▶ WORK TASK
Starting at the first line of the data, print each line verbatim up to and including the line bearing "In this program, this", omitting pictures.

──────── INPUT DATA ────────

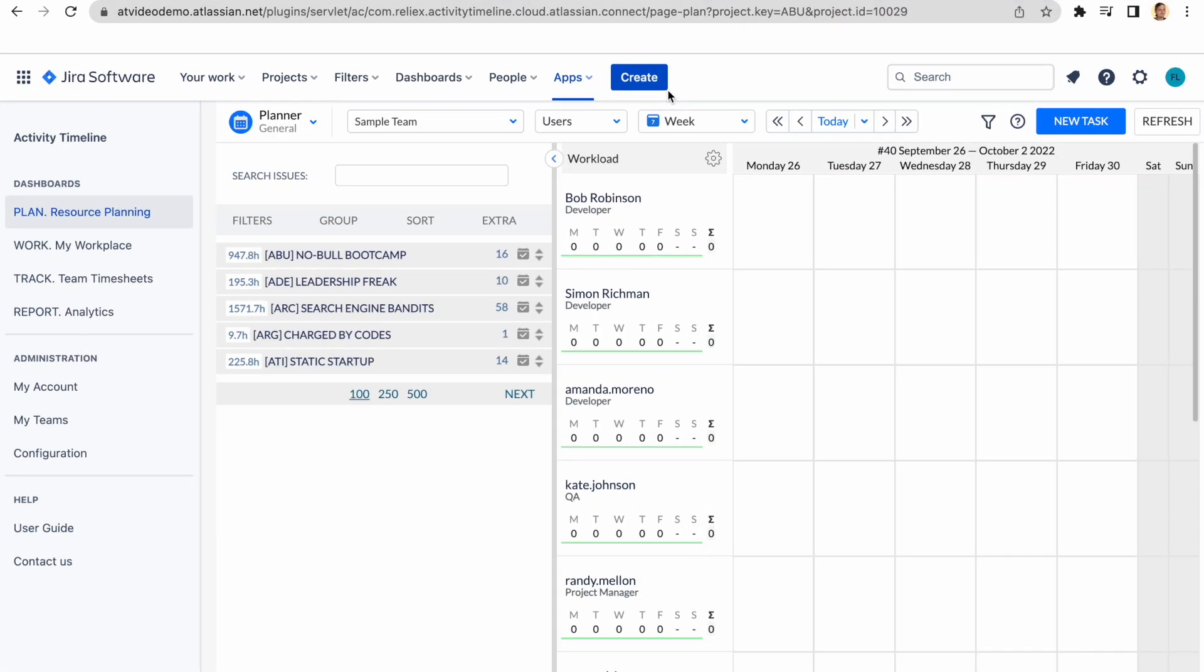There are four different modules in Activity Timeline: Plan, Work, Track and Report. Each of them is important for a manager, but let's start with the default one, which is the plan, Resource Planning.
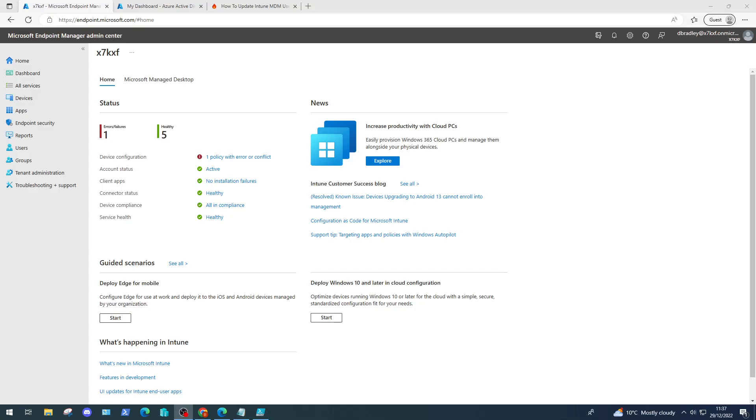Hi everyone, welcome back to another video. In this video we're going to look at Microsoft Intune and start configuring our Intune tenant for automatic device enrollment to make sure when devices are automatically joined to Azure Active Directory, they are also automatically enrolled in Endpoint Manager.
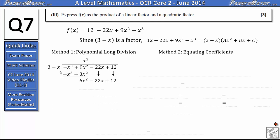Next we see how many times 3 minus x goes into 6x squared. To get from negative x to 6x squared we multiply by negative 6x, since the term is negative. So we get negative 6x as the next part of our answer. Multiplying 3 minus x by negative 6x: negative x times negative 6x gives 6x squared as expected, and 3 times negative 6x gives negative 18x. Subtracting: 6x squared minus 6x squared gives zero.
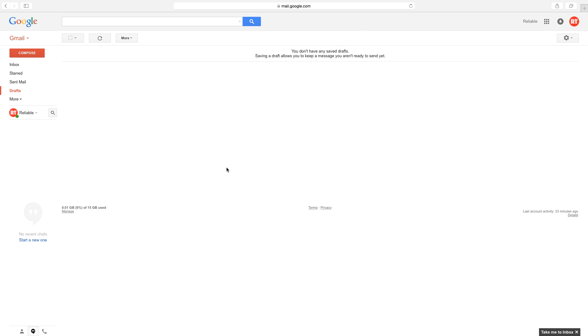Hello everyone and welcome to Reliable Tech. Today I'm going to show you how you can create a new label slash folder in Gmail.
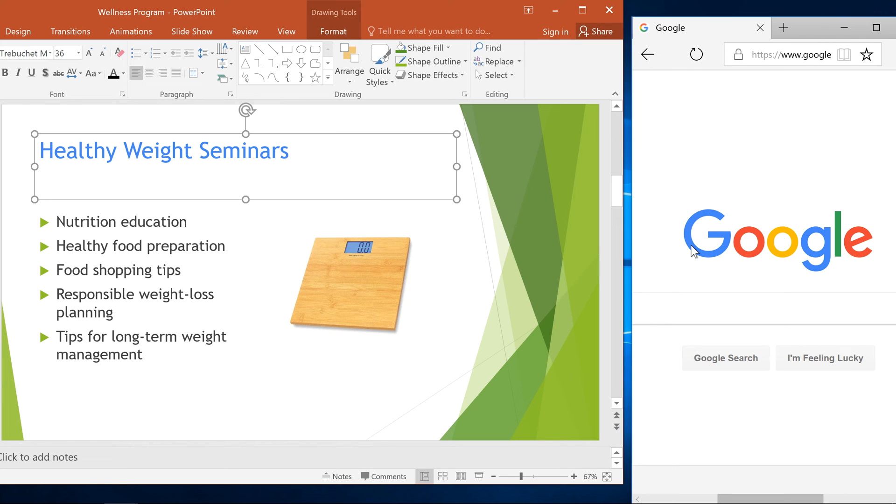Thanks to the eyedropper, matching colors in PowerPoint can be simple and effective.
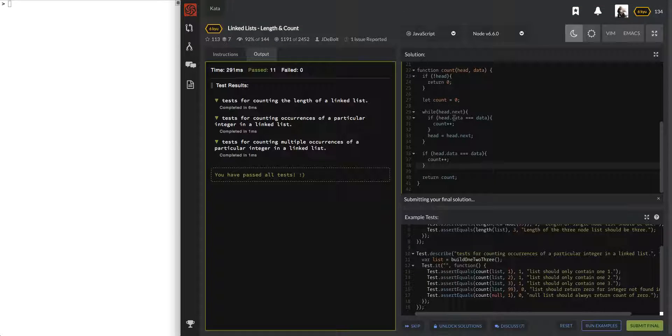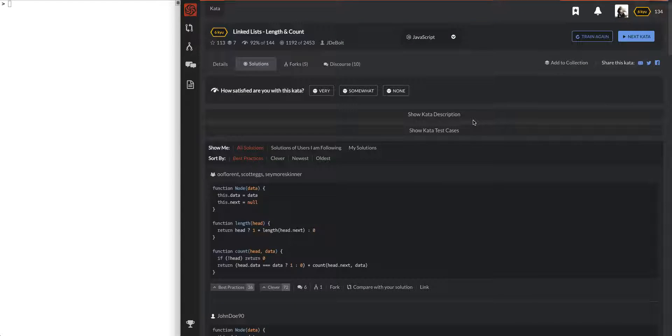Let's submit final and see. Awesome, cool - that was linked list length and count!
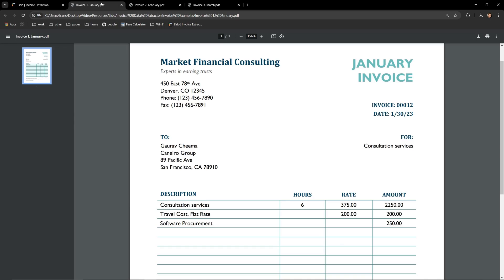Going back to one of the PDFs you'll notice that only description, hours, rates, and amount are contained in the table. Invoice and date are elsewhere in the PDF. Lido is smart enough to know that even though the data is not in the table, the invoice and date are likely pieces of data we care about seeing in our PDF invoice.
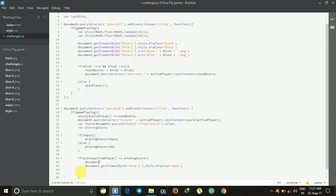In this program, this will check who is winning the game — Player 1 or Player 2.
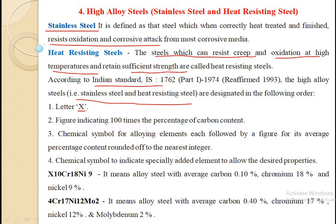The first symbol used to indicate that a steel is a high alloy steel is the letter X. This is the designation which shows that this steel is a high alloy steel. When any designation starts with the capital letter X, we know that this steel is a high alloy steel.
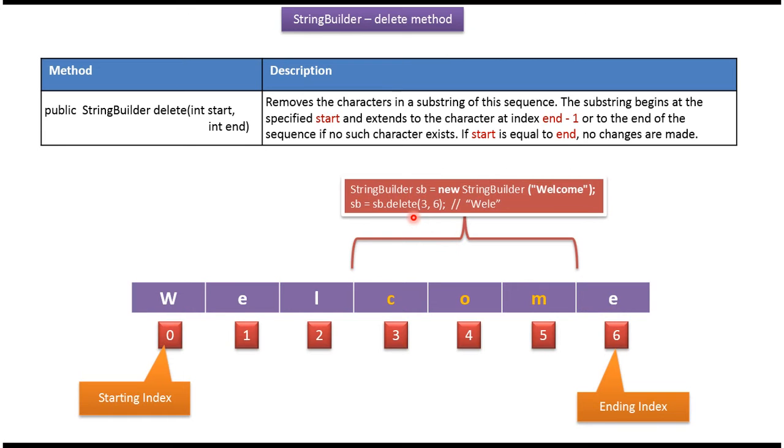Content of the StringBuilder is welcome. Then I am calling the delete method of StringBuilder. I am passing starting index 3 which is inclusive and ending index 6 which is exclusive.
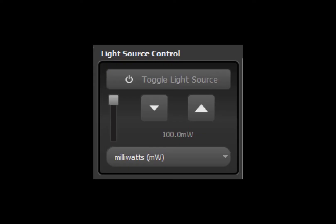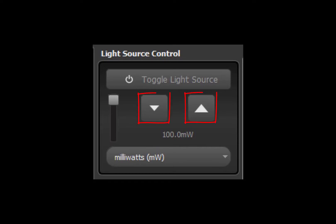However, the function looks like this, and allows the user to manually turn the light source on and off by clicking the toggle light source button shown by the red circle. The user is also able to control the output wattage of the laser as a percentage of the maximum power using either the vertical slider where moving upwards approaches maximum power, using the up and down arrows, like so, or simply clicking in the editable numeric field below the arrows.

────────

▶ REPLY
There are four different modules in Activity Timeline: Plan, Work, Track and Report. Each of them is important for a manager, but let's start with the default one, which is the plan, Resource Planning.
Hi everyone, welcome back to another video. In this video we're going to look at Microsoft Intune and start configuring our Intune tenant for automatic device enrollment to make sure when devices are automatically joined to Azure Active Directory, they are also automatically enrolled in Endpoint Manager.
Next we see how many times 3 minus x goes into 6x squared. To get from negative x to 6x squared we multiply by negative 6x, since the term is negative. So we get negative 6x as the next part of our answer. Multiplying 3 minus x by negative 6x: negative x times negative 6x gives 6x squared as expected, and 3 times negative 6x gives negative 18x. Subtracting: 6x squared minus 6x squared gives zero.
Hello everyone and welcome to Reliable Tech. Today I'm going to show you how you can create a new label slash folder in Gmail.
Thanks to the eyedropper, matching colors in PowerPoint can be simple and effective.
Let's submit final and see. Awesome, cool - that was linked list length and count!
Going back to one of the PDFs you'll notice that only description, hours, rates, and amount are contained in the table. Invoice and date are elsewhere in the PDF. Lido is smart enough to know that even though the data is not in the table, the invoice and date are likely pieces of data we care about seeing in our PDF invoice.
In this program, this will check who is winning the game — Player 1 or Player 2.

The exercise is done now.